I was five years old then, and way back, kids like me really believed in “Santa”. So I immediately grabbed my pencil, tried all the best that I could to sketch the gift I wanted.

Here’s how it more or less it looked like (mas maganda nga lang ito ng konti kesa sa original ko na ginawa hahaha): 





Which I know deep inside my heart is a plane!









Christmas came and I am very much excited to open presents, sa sobrang excited ko, ayoko nang mag-“noche Buena, I rushed to the Christmas tree.

To my surprise, after imaginatively opening the gift, here’s what I’ve got:



a riffle!!!?
Huh? Wait a minute, who asked for this? Too much of high expectations!
Waaahhh!!!

Nakakainis! Umiyak ako syempre, alangan, what
do you expect?

But why? Does he really care? Is he that insensitive? If he does, could he misinterpret this:  
to this 
? Unfair!!!


Because of what happened, I never get the chance to celebrate and to have fun with the rest of the family.

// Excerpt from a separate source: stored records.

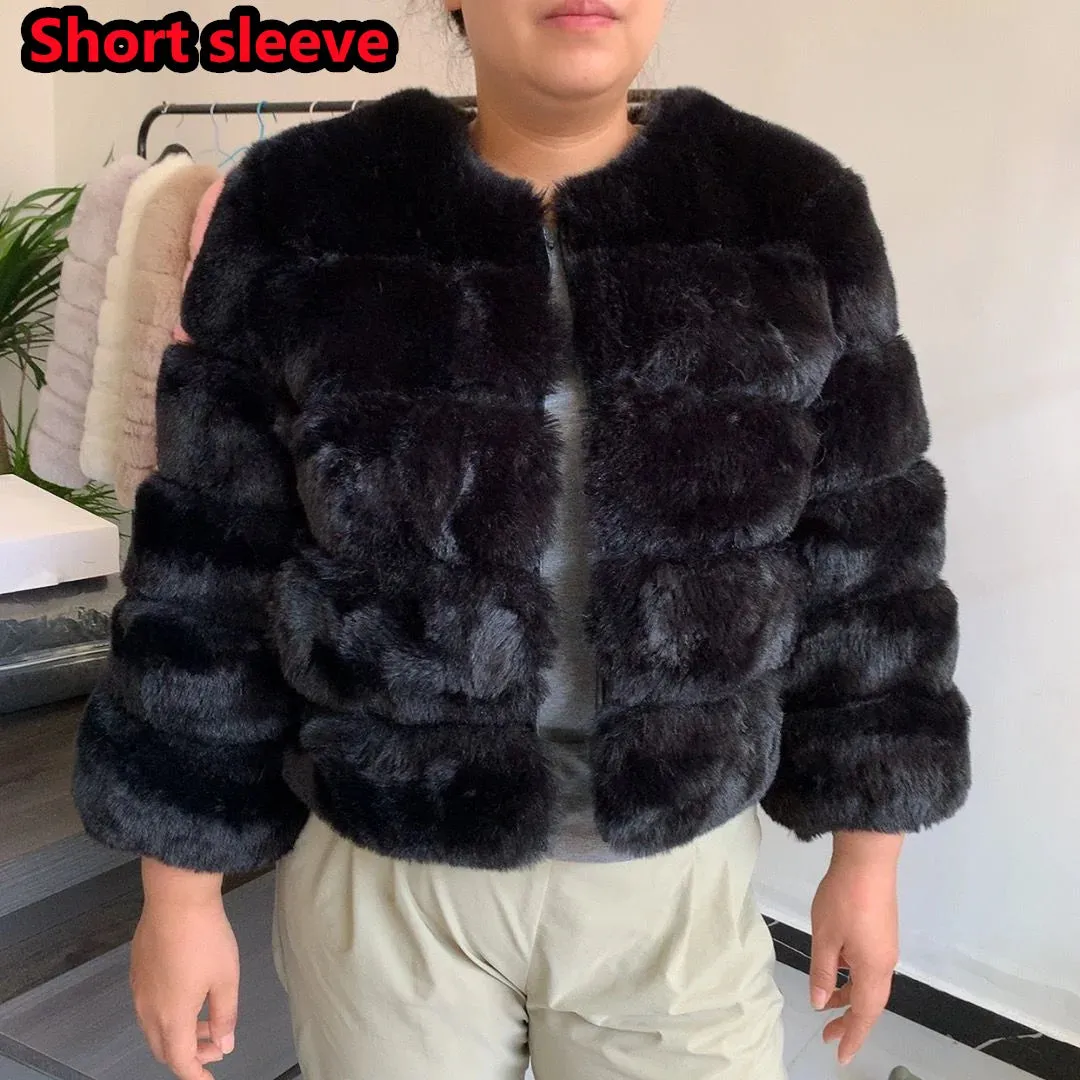 Women's Fashion faux fur coat super hot Autumn Winter women short Faux fox fur fluffy jacket high quality 7xl Ladies furry coats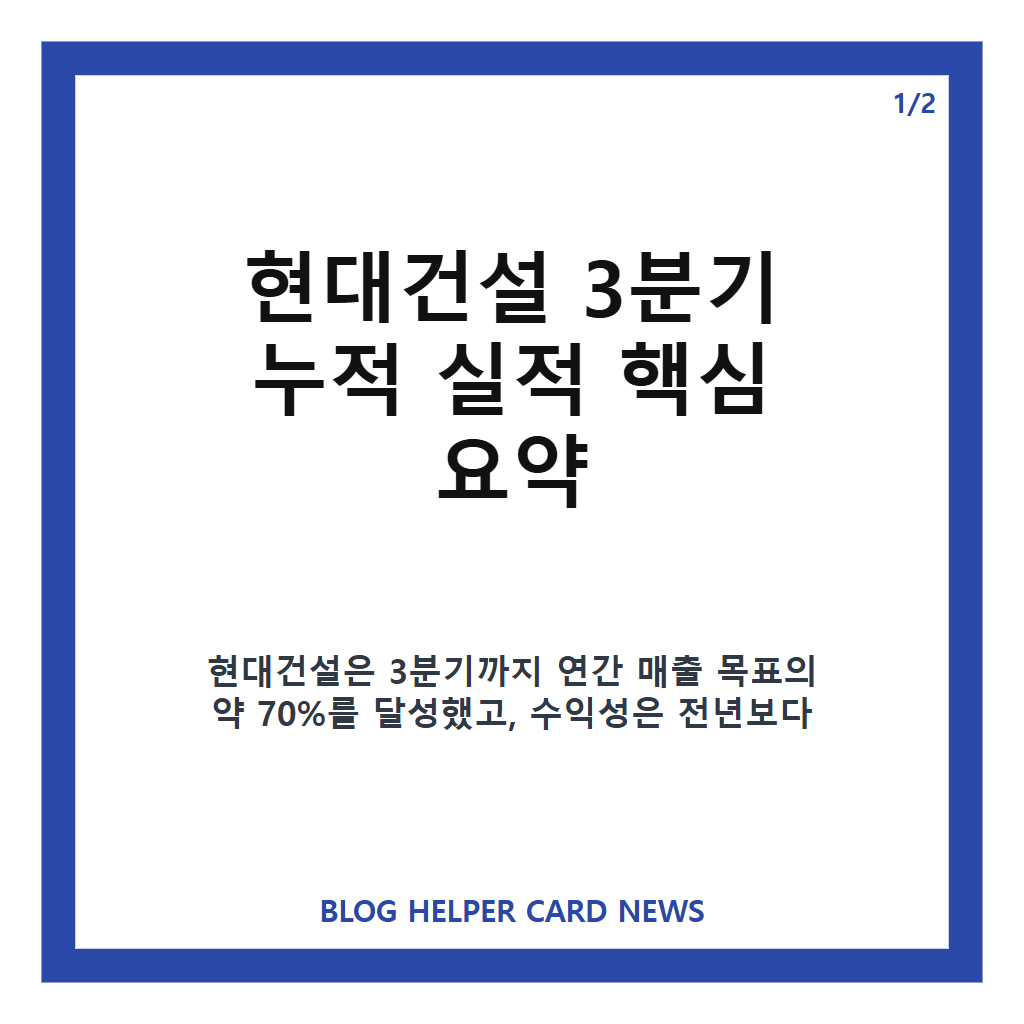 현대건설 누적 영업이익 6645억원, 3분기 실적과 증가 배경 정리 카드뉴스 1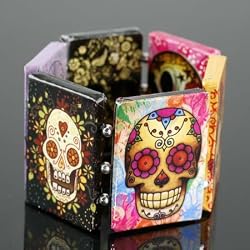 Sugar Skulls Gothic Skull Wood Panel Bracelet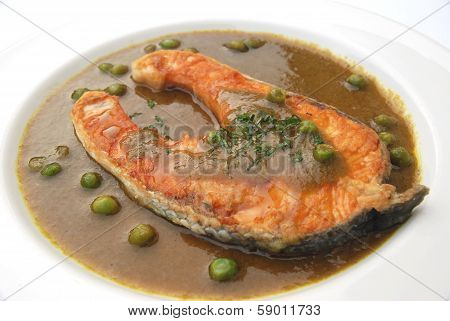salmon fried with green chili sauce, Thai fusion food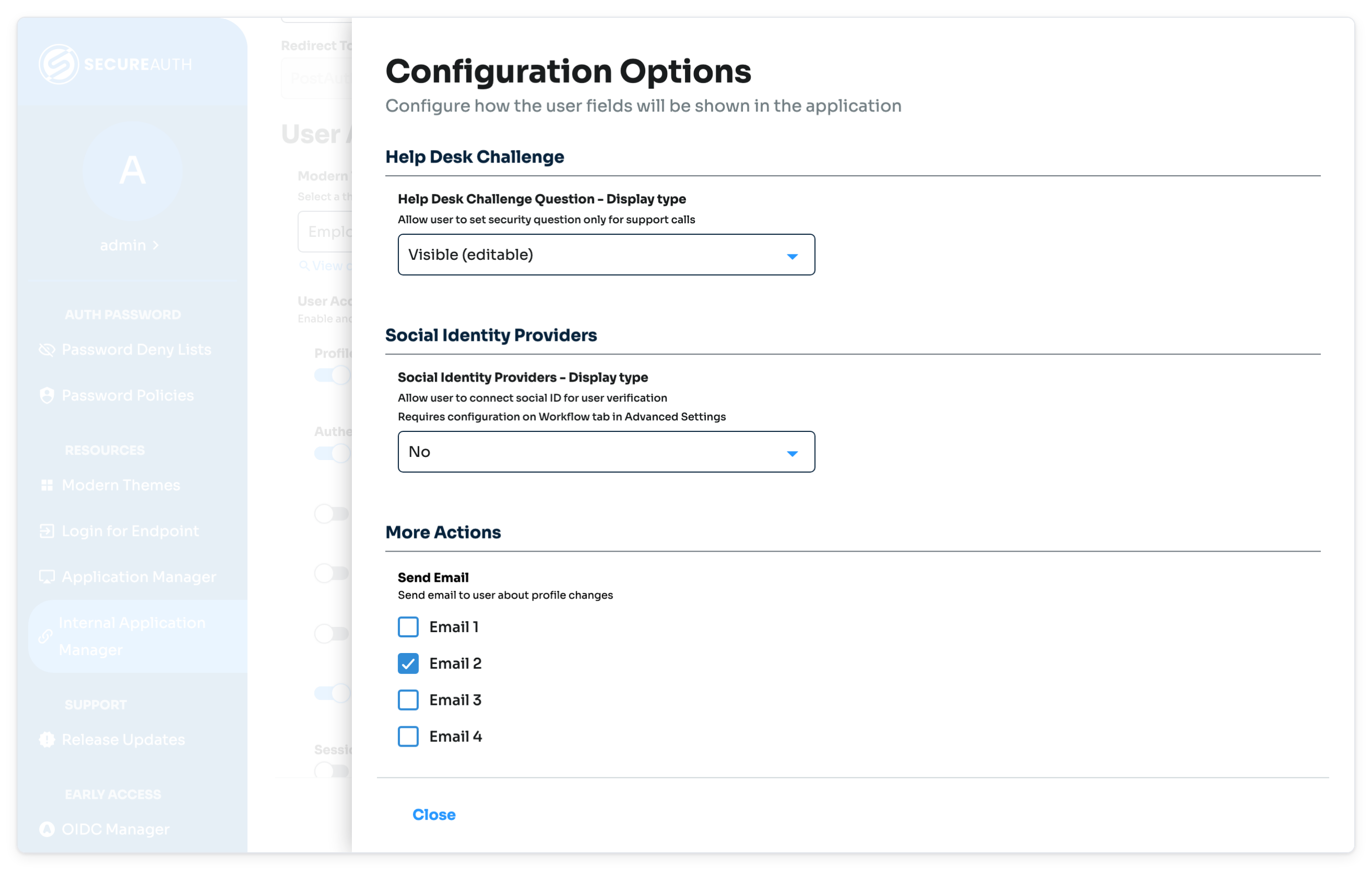 Configuration Options drawer showing the Help Desk Challenge, Social Identity Providers, and More Actions settings.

It has been nineteen years now since that tragic evening! (ha ha ha) Yup, it took me that long to realize God’s message for me in that fateful night:

Deep inside me I know what I want; I have a clear picture of it in my mind. You see, the problem lies when we expect too much that people will know and understand what we want. The challenge is for us to share well what we’re thinking or what we want without being misunderstood and or misinterpreted. Lesson #1Communicate well.

God answers our prayers not according the way we want it to be but according to what He sees best. So lesson #2: Expect the unexpected. Not only will it ease the pain when we don’t get what we want, more so it adds up happiness when God gives our hearts desires.

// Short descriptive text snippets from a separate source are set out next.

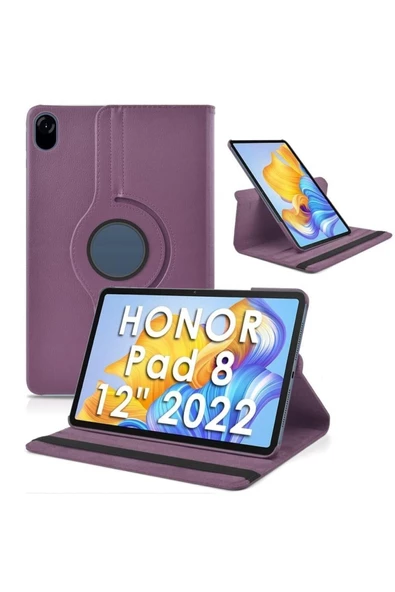 Honor Pad 8 12'' Inç 2022 Uyumlu 360 Dönen Koruyucu Tablet Kılıfı Hey-w09  Mor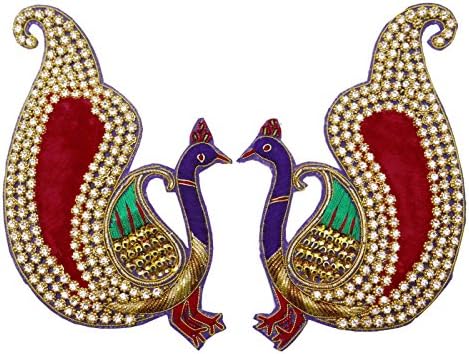 Apliques de pavões indianos com lantejous de miçangas de costura de costura multicolor por 1 par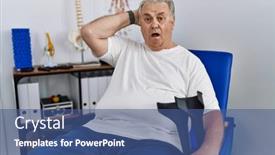  Presentation with holding hands - PPT theme consisting of senior-caucasian-man-at-physiotherapy background and a ocean colored foreground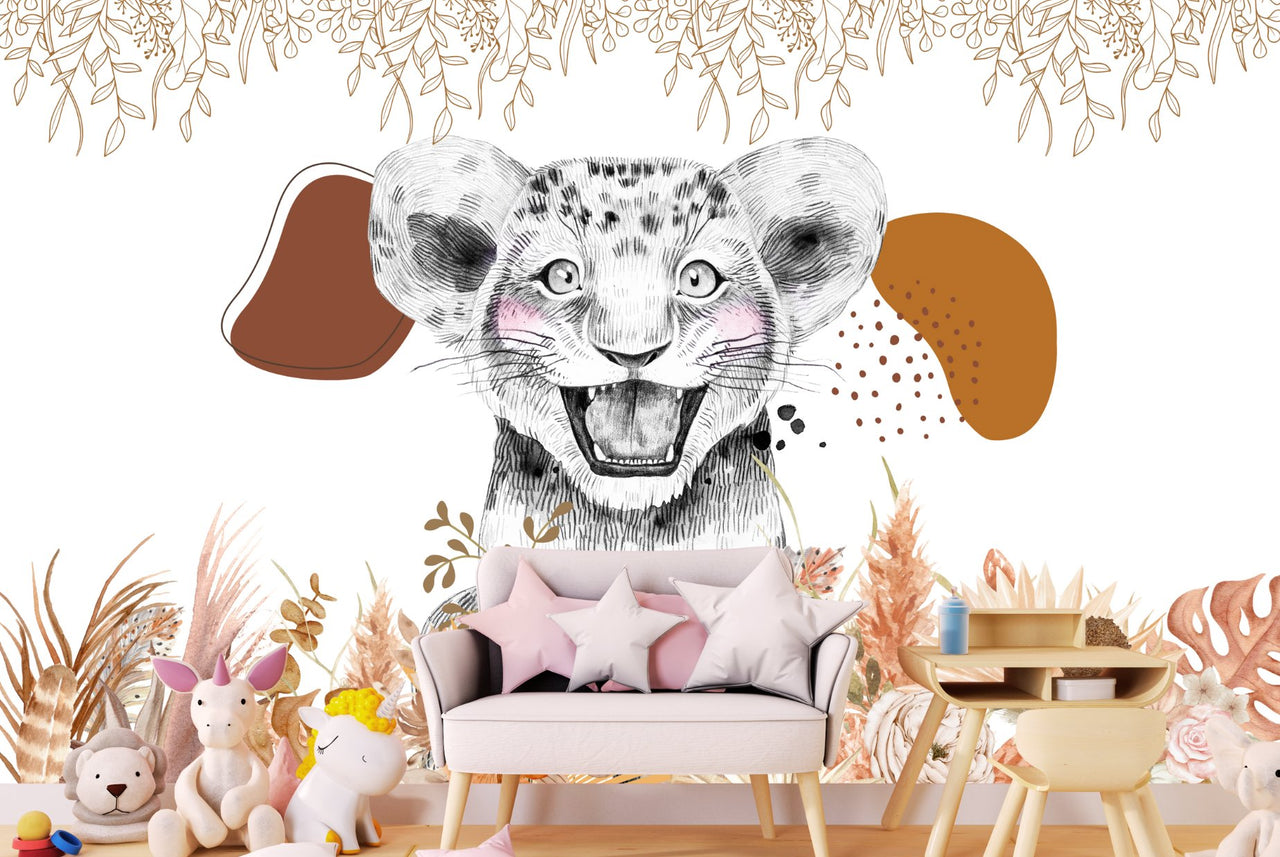 Papier Peint Animaux  <br/> Lion Boho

Because I’m too focused on the fact that I didn’t get what I want, I missed the truth that I have a gift, well, not exactly how I imagined it to be but nonetheless it’s a gift. Should I focused on what I have and considered it as a blessing; my Christmas should have been great. Lesson #3:Never whine. Everything is a blessing, give thanks. Pouting will do no good; it will just make you miss the party.

I might not have the gift I wanted but nineteen years after, I get to ride a real one. Who would have thought that I would not just play with planes but actually ride a real one? It’s worth the wait.